> **Your assignment**: Output exactly the lines of the listing below that run from the line with "The Soap Haven" through the line with "(6 UK, White)". No pictures.
+++ Data records
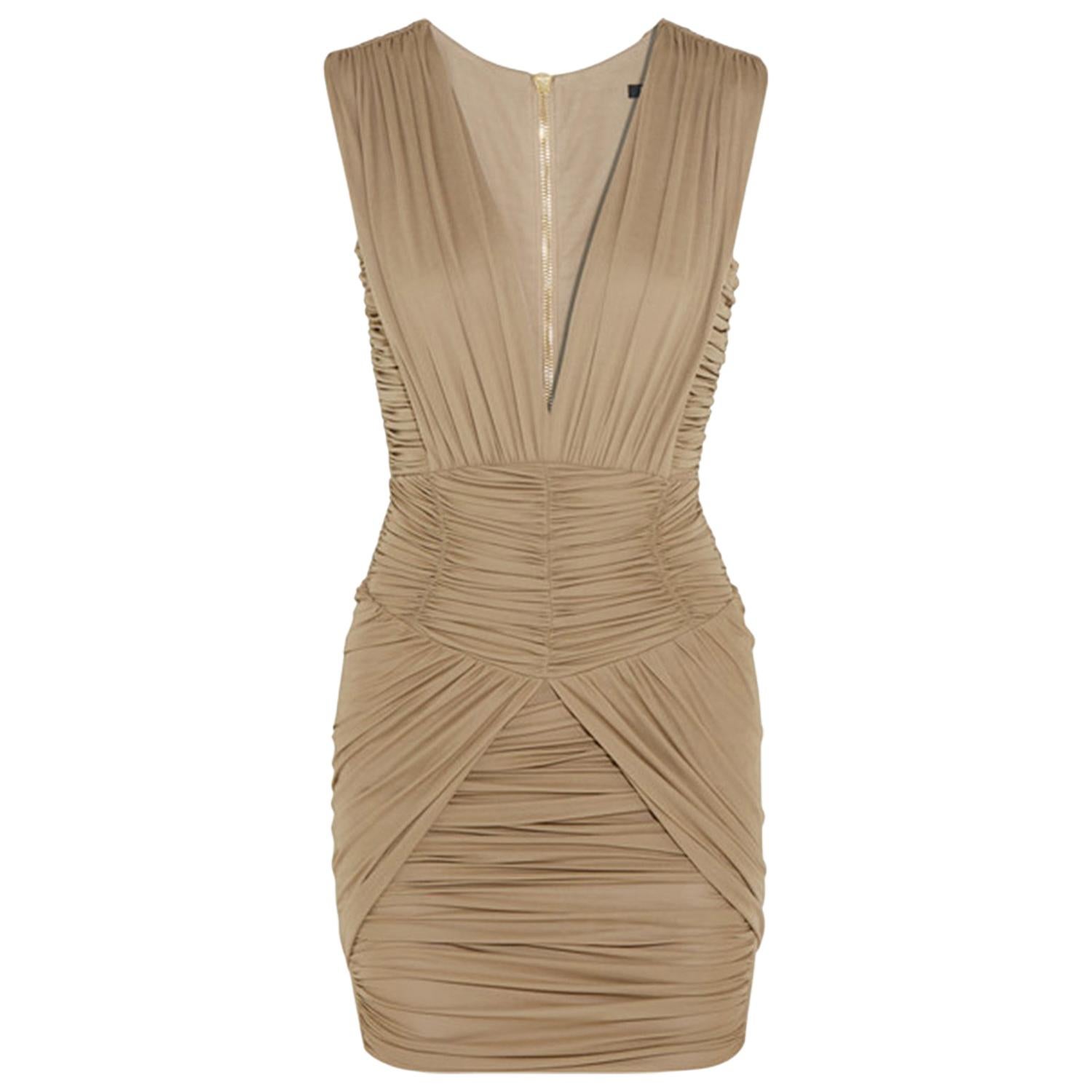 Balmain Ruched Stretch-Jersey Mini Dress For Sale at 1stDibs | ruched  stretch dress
++++++
+++ Data records
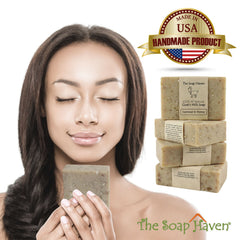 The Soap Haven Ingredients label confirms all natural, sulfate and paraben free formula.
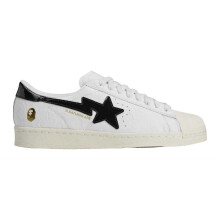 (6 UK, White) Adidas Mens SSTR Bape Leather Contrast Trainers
++++++
> **Exercise output**:
 The Soap Haven Ingredients label confirms all natural, sulfate and paraben free formula.
 (6 UK, White) Adidas Mens SSTR Bape Leather Contrast Trainers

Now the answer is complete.